WHAT IS REQUIRED
Without the pictures, return each record as it appears.

● ● ● ● ● ● ●

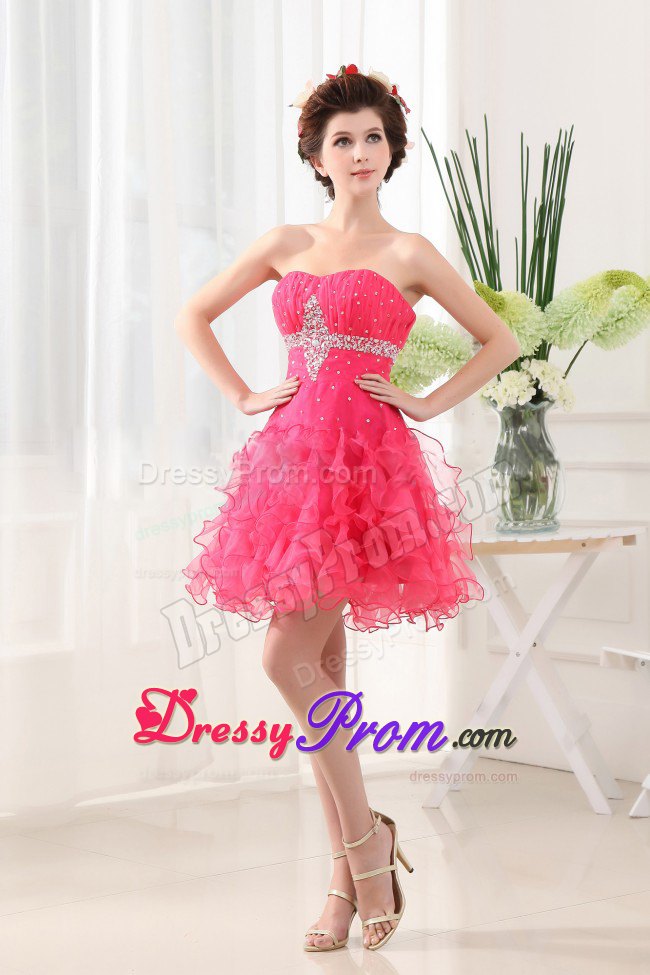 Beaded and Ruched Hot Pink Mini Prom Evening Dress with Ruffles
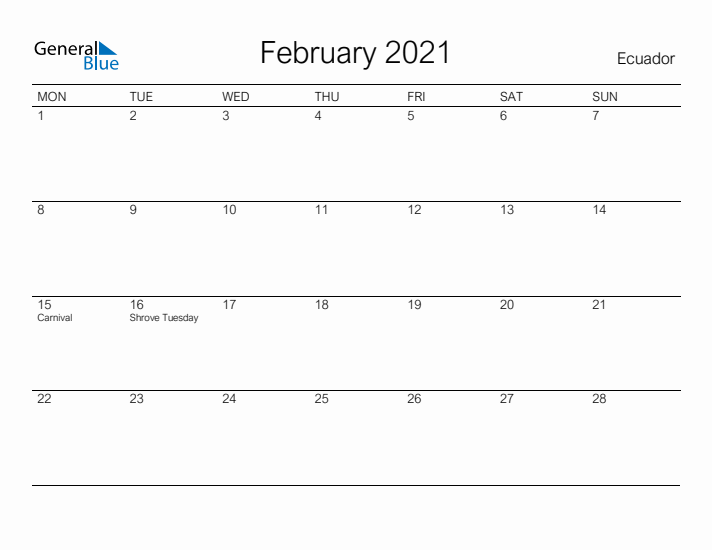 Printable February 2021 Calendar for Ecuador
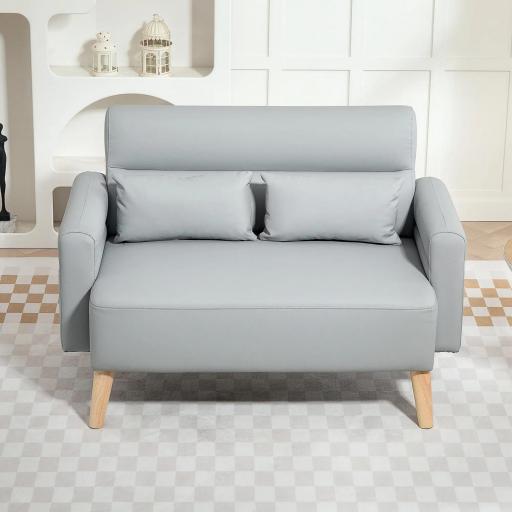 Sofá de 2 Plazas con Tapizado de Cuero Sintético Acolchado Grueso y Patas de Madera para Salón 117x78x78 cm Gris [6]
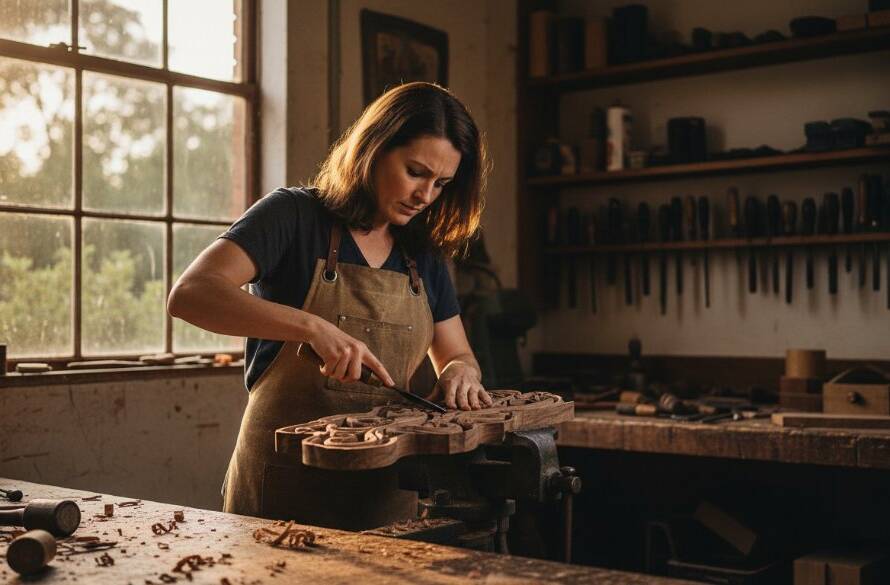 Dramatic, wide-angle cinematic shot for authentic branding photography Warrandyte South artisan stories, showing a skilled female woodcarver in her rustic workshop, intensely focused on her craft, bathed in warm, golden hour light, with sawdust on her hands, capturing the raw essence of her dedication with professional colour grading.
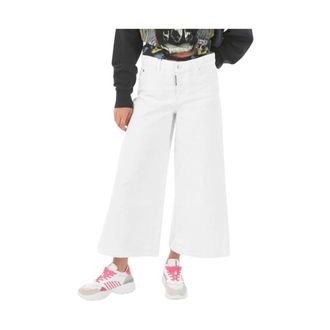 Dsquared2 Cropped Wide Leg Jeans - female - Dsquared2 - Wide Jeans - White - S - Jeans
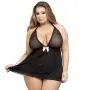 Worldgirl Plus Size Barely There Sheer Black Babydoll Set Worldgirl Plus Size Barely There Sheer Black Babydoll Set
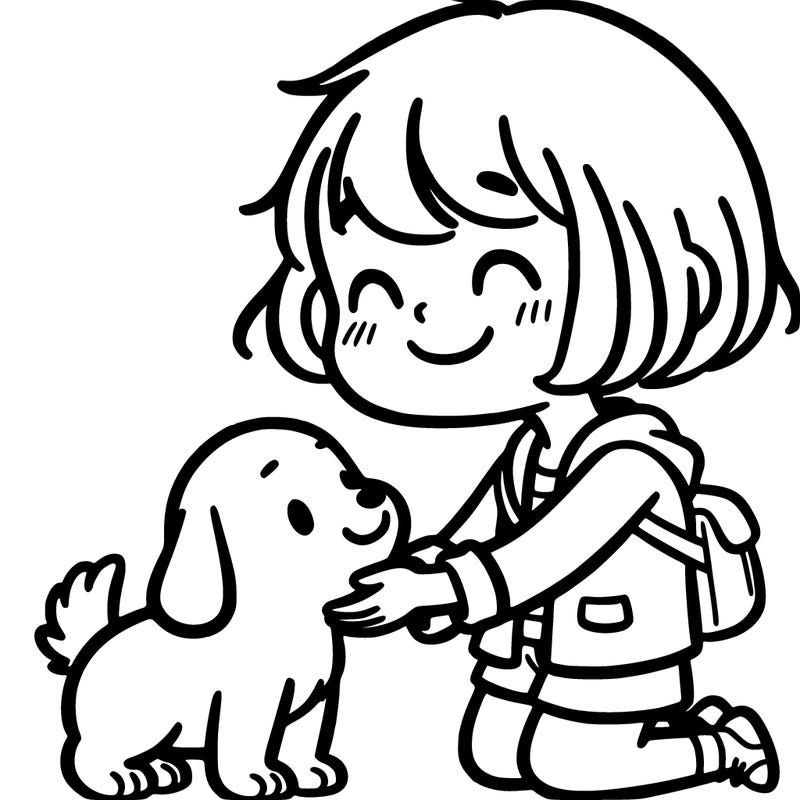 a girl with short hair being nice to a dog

● ● ● ● ● ● ●

TASK RESPONSE
 Beaded and Ruched Hot Pink Mini Prom Evening Dress with Ruffles
 Printable February 2021 Calendar for Ecuador
 Sofá de 2 Plazas con Tapizado de Cuero Sintético Acolchado Grueso y Patas de Madera para Salón 117x78x78 cm Gris [6]
 Dramatic, wide-angle cinematic shot for authentic branding photography Warrandyte South artisan stories, showing a skilled female woodcarver in her rustic workshop, intensely focused on her craft, bathed in warm, golden hour light, with sawdust on her hands, capturing the raw essence of her dedication with professional colour grading.
 Dsquared2 Cropped Wide Leg Jeans - female - Dsquared2 - Wide Jeans - White - S - Jeans
 Worldgirl Plus Size Barely There Sheer Black Babydoll Set Worldgirl Plus Size Barely There Sheer Black Babydoll Set
 a girl with short hair being nice to a dog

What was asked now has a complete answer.